A farmer prepares a paddy field for sowing in Biyagama on the outskirts of Colombo on October 21, 2020. (Photo by ISHARA S. KODIKARA/AFP via Getty Images)
KNEE deep in mud and sprinkling rice seeds over two acres of land in Sri Lanka late last month, DM Rupasinghe said he was worried about his crop following a government decision to ban imports of chemical fertilisers.
The ban on chemical fertilisers, as well as pesticides and herbicides, was introduced by president Gotabaya Rajapaksa’s government in May for environmental reasons but it has plunged the sector into a crisis.
Rupasinghe, 57, said the government had told farmers to switch to organic farming but he said that was difficult and expensive. Instead, many farmers were just planting less rather than risking investing the resources in planting when they weren’t sure of the outcome.
“The government should have talked to farmers before introducing this policy,” Rupasinghe said. “Organic is harder, more labour intensive and more expensive. Everyone is so confused.”
“So we decided to plant a small quantity of seed paddy and wait,” he said.
That reduced planting is being repeated across the island and could bring down Sri Lanka’s annual paddy yield by about 40 per cent, according to a prominent agricultural economist and a farmers’ association.
Normally some two million Sri Lankan farmers cultivate about 700,000 hectares of paddy between October and March. Nearly two-thirds of the country’s 22 million people are dependent on agriculture, which accounts for seven per cent of its $80 billion (£59 bn) gross domestic product (GDP).
Jeevika Weerahewa, an agricultural economist at Sri Lanka’s Peradeniya University, said paddy output could fall by as much as 43 per cent but it was not just paddy that would be hit by the ban.
“It will affect key exports like rubber, coconut and tea exports, with the latter expected to reduce 40 per cent,” Weerahewa said.
“The worst impact will be on the poor.”
The government has said the ban was part of efforts to promote healthier agricultural practices and make farming more sustainable.
“The challenge facing us now is to use modern scientific techniques and practices to enhance agricultural production without causing environmental degradation,” Rajapaksa said at the COP26 UN climate conference this month.

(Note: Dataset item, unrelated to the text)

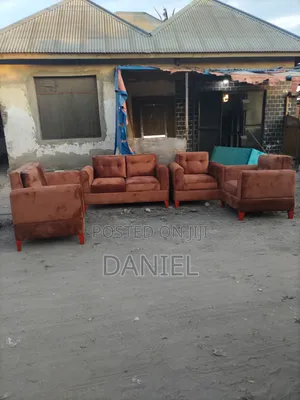Sofa Set Ya 2:2:1:1 Rangi Ya Light Brown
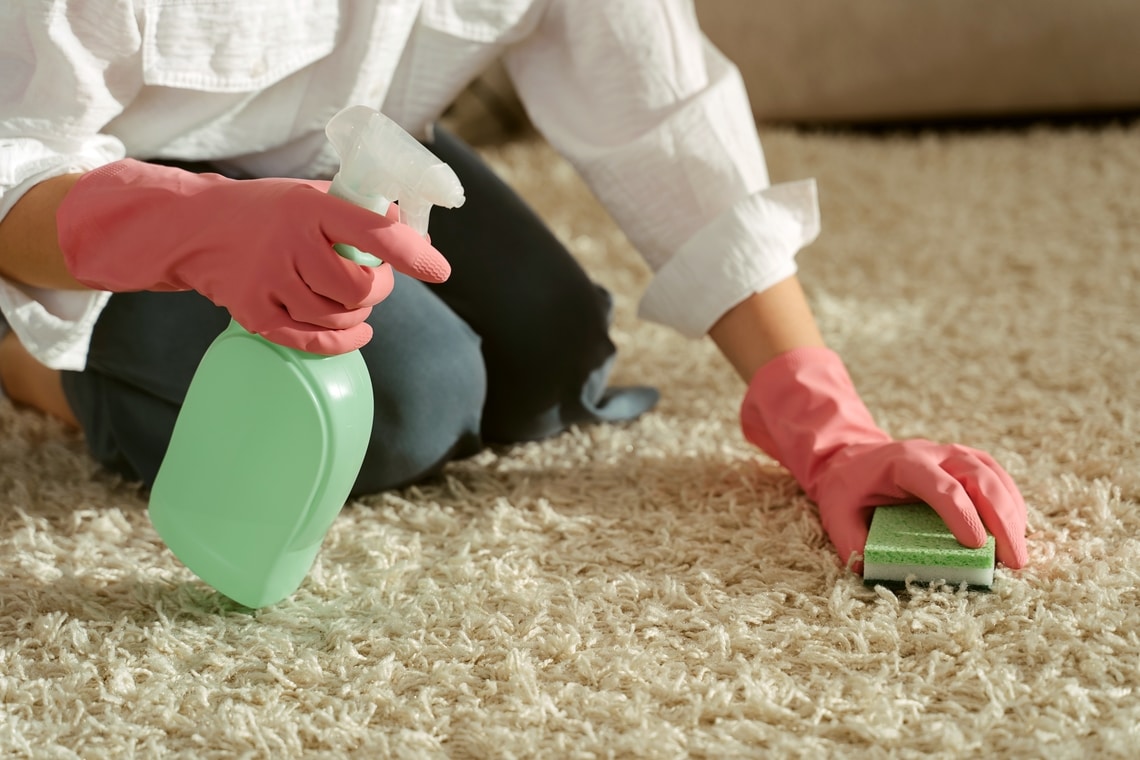 Clean carpet with vinegar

Farmers have staged protest marches and burnt effigies of the agriculture minister, calling for a resumption of chemical fertiliser imports.

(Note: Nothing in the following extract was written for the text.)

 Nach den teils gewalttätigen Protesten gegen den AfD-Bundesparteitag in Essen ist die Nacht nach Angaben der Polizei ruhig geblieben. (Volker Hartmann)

In response, the government has imported limited amounts of potassium chloride and liquid nano nitrogen bottles – both used during the rice-growing season – from India since October.
Namal Karunaratne of the All Ceylon Farmers Federation, the country’s largest farmers group that is associated with an opposition party, said the government had failed to provide an alternative to chemical fertilisers.

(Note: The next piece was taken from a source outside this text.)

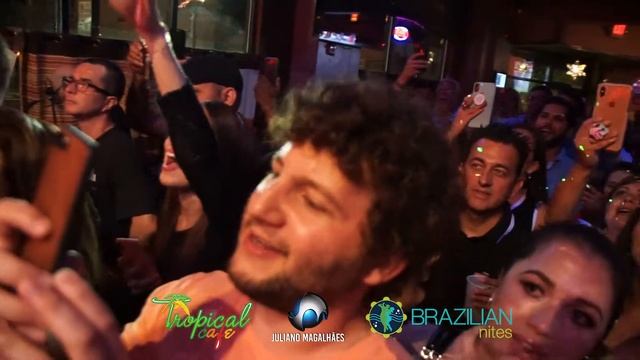 Tropical café and Vanessa da Mata ao vivo August 22, 2019 : Juliano Magalhães смотреть онлайн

“Many farmers have decided not to cultivate paddy fearing financial losses,” Karunaratne said.
Agriculture secretary Udith K Jayasinghe said the government would compensate farmers for any crop losses, despite a ballooning budget deficit.
“Plans are being made to purchase the harvest at higher prices, thereby eliminating any negative impact the farmers may face,” he said.
In a letter to Rajapakse earlier in the year, the Sri Lanka Agricultural Economics Association said a reduction in average agricultural productivity by 20 per cent could cause a 3.05 per cent decrease in GDP.
Mohideen Ismail, chairman of the Kadayanthalawa Farmers Association in the major paddy-growing district of Ampara, said that farmers were not against a switch to organic fertilisers.
“But they are worried it is happening too quickly, without inputs and proper awareness,” he told Reuters. “This policy should have been implemented across multiple seasons.”